At first, this may sound like a strange security tactic, but for wireless networks, it makes sense. With this step, hackers would be forced to decipher your IP address, subnet mask, and other required TCP/IP parameters. If a hacker is able to make use of your access point for whatever reason, he or she will still need to figure out your IP addressing as well.


e. *Disable or modify SNMP settings*

If your access point supports SNMP, either disable it or change both the public and private community strings. If you don't take this step, hackers can use SNMP to gain important information about your network.


f. *Use access lists / MAC Filtering*

To further lock down your wireless network, implement an access list, if possible. Not all wireless access points support this feature, but if yours does, it will allow you to specify exactly what machines are allowed to connect to your access point. The access points that support this feature can sometimes use Trivial File Transfer Protocol (TFTP) to periodically download updated lists in order to prevent the administrative nightmare of having to sync these lists on every unit.
Using MAC address filtering also improves your security drastically. 

Source : forums.guru3d.com

2. *Connecting two systems Remotely :*

a. In order to connect two remote locations via existing broadband internet is possible only by an added extra remote device,for viewing remote desktop's over exixting internet is possible by different software like VNC (go for Charan's thread in tutorials for more info : *www.thinkdigit.com/forum/showthread.php?t=74510) server, and many net available softwares like Team viewer,r login e.t.c; 

b. But by the above one's we can only verify the remote desktop and with some limited access, in need of complete control we don't find these as favour, also these softwares has some distance limitations, what if we want to give access for Windows server in Bangalore to it's head office at Newyork, several workstations, printers, and additional networked equipment connected remotely to the Bangalore server also needs to be accessed to Newyork,here comes remote devices operating in 3 types of technologies :

1. *Circuit Switched Technology* (rarely used)
ex : ISDN
2. *Packet Switched Technology *( moderately used)
ex : Frame Relay,VPN
3. *Leased Lines* ( mostly used)
EX: T1,T2,T3

c. One of the best choice to cover two offices remotely is the use of Packet Switching and the device with the best use for security concerns is the *Virtual Private Network (VPN)*

Devices needed :

a. VPN Concentrator or Router (Prefferably CISCO)
ex CISCO VPN 3xxx series,VPN Router :  BEFSX41 Linksys Router
b. high-speed (usually Cable orDSL) Internet connection between two locations (Two offices with T1 internet connections can be connected using VPN routers)
If additional speed is required :

c. dedicated T1 line can be set up between two locations. This is called a "point-to-point" T1 line. Your local service provider may offer this feature to you. 
Extra Hardware :
d. Assume if you want to access remote server while travelling, for this you need Connect up to the Internet and VPN into their corporate office.For this you need an extra device may be a,

*CISCO VPN Gateway *( costing much) or
*Linksys VPN Endpoint  *

Configuration of VPN Concentrator :
I will upload it on request

Most Frequent Problem with VPN's :

Linksys VPN endpoint may not use the same tuneling protocol as your Win XP machine (Microsoft insists on it's L2TP proprietary protocol).  If our memory serves Linksys offers a free client for Windows machines.

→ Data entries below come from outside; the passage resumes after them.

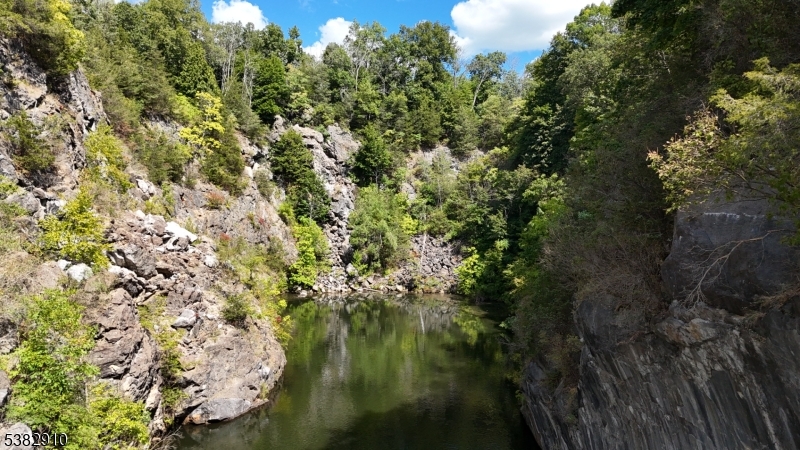 BACK QUARRY AREA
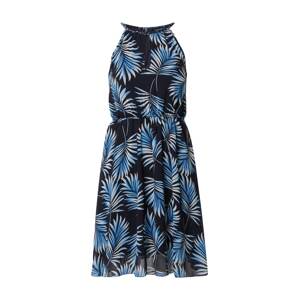 ZABAIONE Letní šaty 'Sylwia'  námořnická modř / mix barev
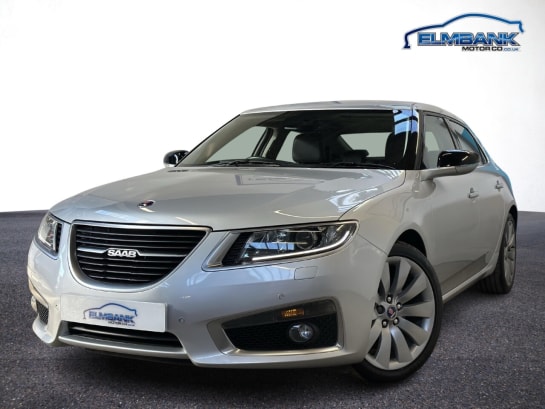 A null SAAB 9-5 2.8T V6 Aero Saloon 4dr Petrol Auto XWD Euro 5 (300 ps) 4 WHEEL DRIVE - AUT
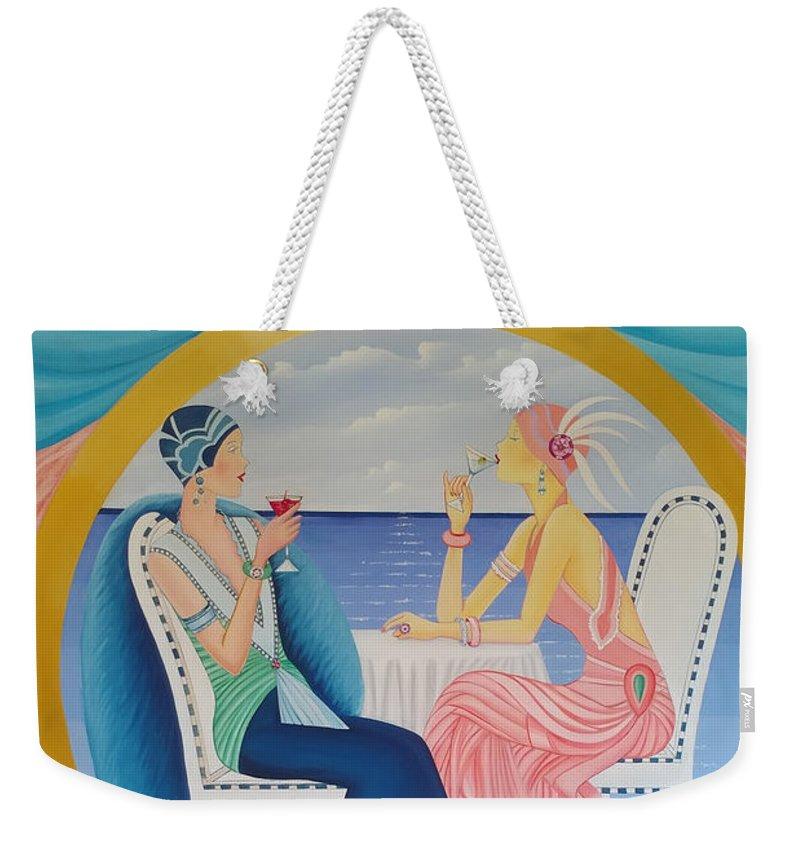 Cruising - Weekender Tote Bag
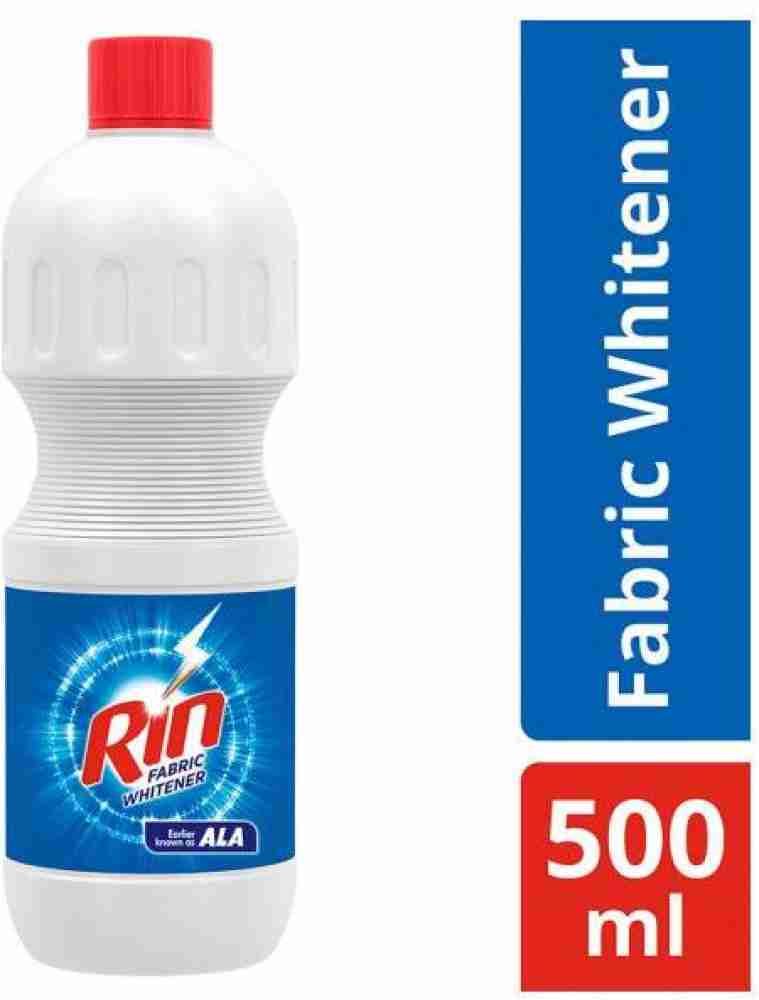 Rin Ala Fabric Whitener 500 ml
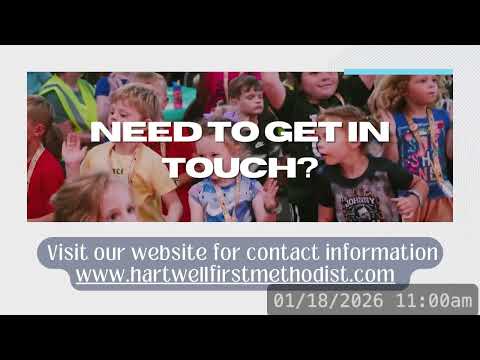 11AM Contemporary Service Recording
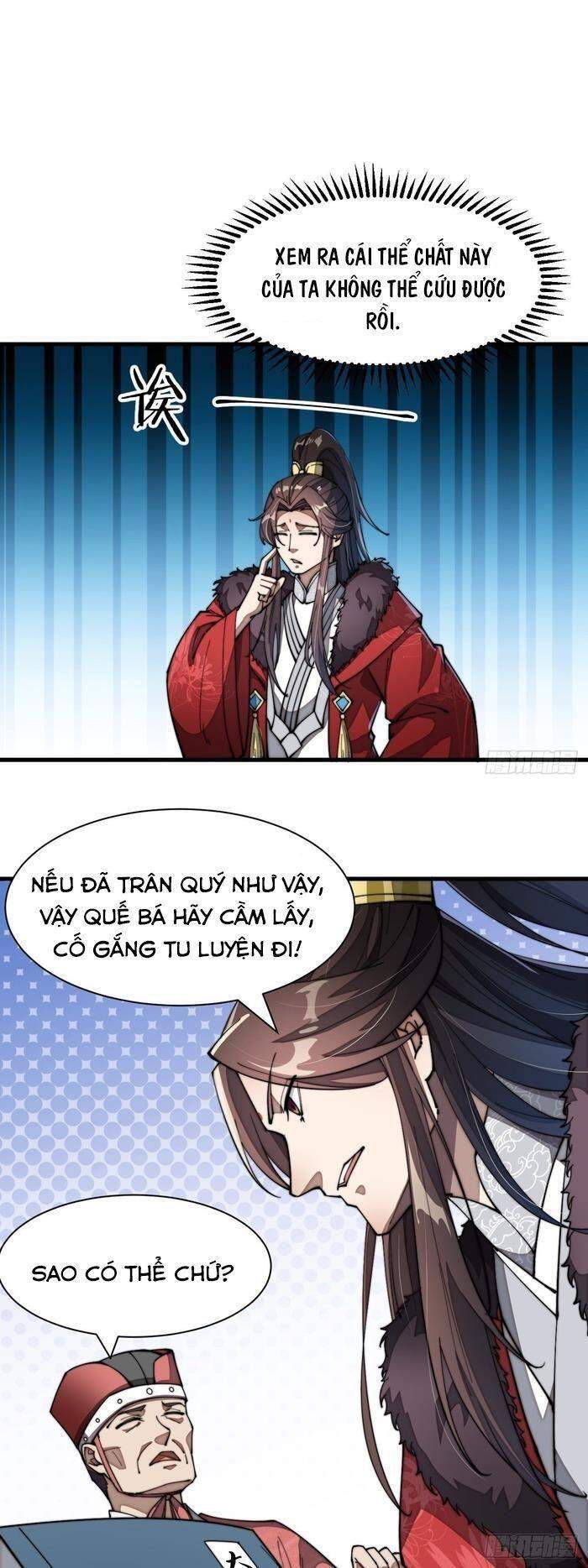 Ta Không Phải Con Cưng Của Khí Vận Chap 2 - Next Chap 3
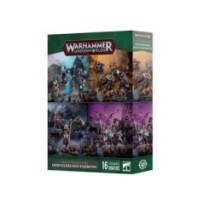 Warhammer Underworlds: Saqueadores Y Daemons (16) -- Preorder --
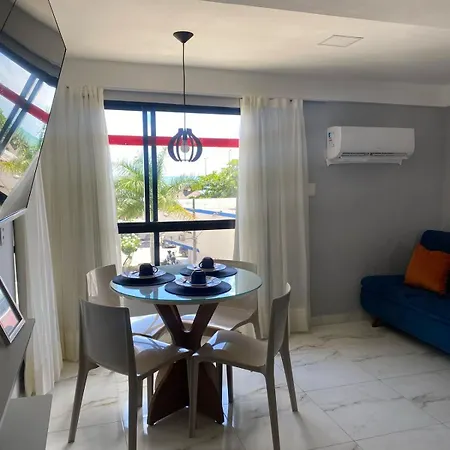 Tambau Mar Hotel Joao Pessoa Exterior photo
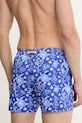 Oblečenie Plavkové šortky Vilebrequin MOORISE MSOCF127 modrá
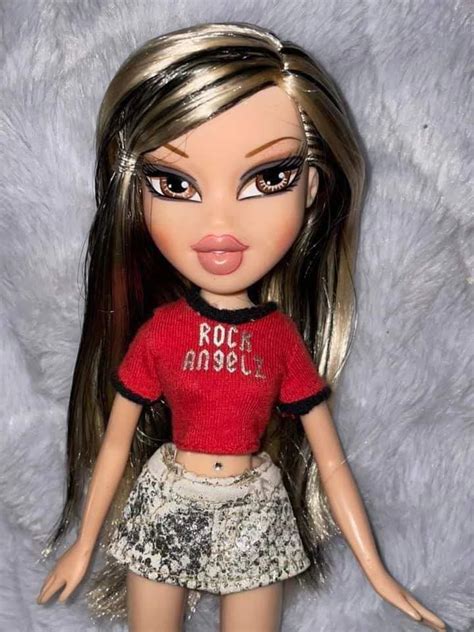 Ft Bratz Rock Angelz Jade Og Hobbies Toys Toys Games On Carousell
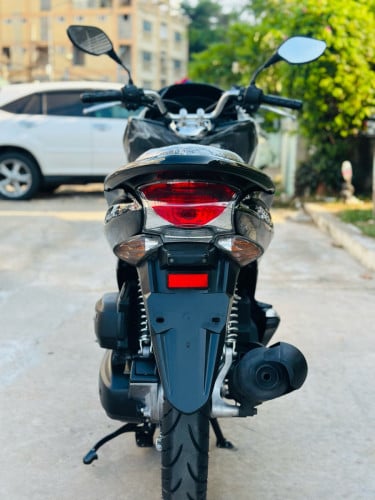 ក្រដាសពន្ធ✅HONDA PCX 014ជប៉ុន100% កម្លាំង125cc តំលៃ1399$ FREE ផ្លាកលេខ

The simplest way to do VPN is to use Hamachi.that will give you an instant file sharing capabilities between connected machines using an iron clad secure connection.


----------



## codename_romeo (Jan 7, 2008)

Connecting two systems...one with win Vista n other with Win XP on lan????
Connecting two laptops for gaming using wifi(w/o router) one using vista n the other XP


----------



## Batistabomb (Jan 8, 2008)

codename_romeo said:


> Connecting two systems...one with win Vista n other with Win XP on lan????


Here the actual problem arises because Vista systems can't see XP guys all of a sudden , for this you need to install the Link Layer Topology Discovery (LLTD) Responder (KB922120) on the XP machines.You can get this from Microsoft :

*www.microsoft.com/downloads/detail...1D-EE46-481E-BA11-37F485FA34EA&displaylang=en

Remember, you should install this soft on both the XP and Vista machines,
then normal connection is established by means of exixiting cable and for remote connectivity:

1. On the vista, type this command: net share
2. On XP , type this command :
net view\\vistahostname

For file sharing and printer sharing Vista has a two way firewall enabled so make sure File and Print Sharing is enabled to allow access (its disabled by default).Do the same on XP.

Also, the workgroup names may be different, on XP its MSHOME, on Vista it may be called Workgroup.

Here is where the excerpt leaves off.